* _INFORMATION PROVIDED_
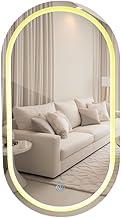 Espelho Oval Jateado com LED 3 Tons, Botão Touch, Iluminação Quente Neutro Frio, Fonte Bivolt, Decorativo para Banheiro Quarto, Vários Tamanhos (60x1M)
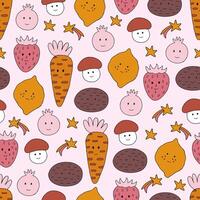 Seamless pattern with hand-drawn cute vegetables and fruits on a pink background. Strawberries, blueberries, lemon, carrots, potatoes, and mushrooms. For childish fabric and wrapping paper. vector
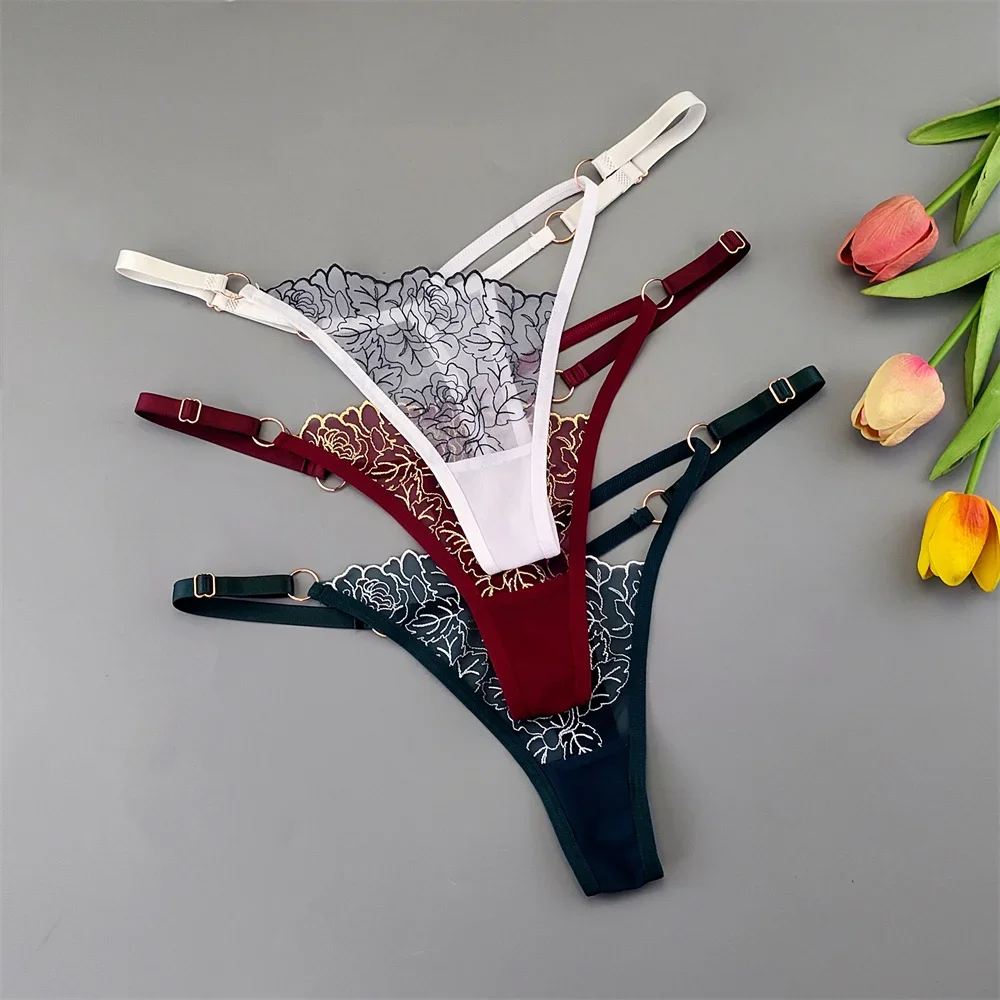 3pcs Sexy Adjustable T-Back Lace Panties Sheer Hollow-Out V-Shaped Women’s Thong for Bodycon Outfits & Special Occasions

* _TRY IT_
Copy each line above exactly, with no images.

* _TASK ANSWER_
 Espelho Oval Jateado com LED 3 Tons, Botão Touch, Iluminação Quente Neutro Frio, Fonte Bivolt, Decorativo para Banheiro Quarto, Vários Tamanhos (60x1M)
 Seamless pattern with hand-drawn cute vegetables and fruits on a pink background. Strawberries, blueberries, lemon, carrots, potatoes, and mushrooms. For childish fabric and wrapping paper. vector
 3pcs Sexy Adjustable T-Back Lace Panties Sheer Hollow-Out V-Shaped Women’s Thong for Bodycon Outfits & Special Occasions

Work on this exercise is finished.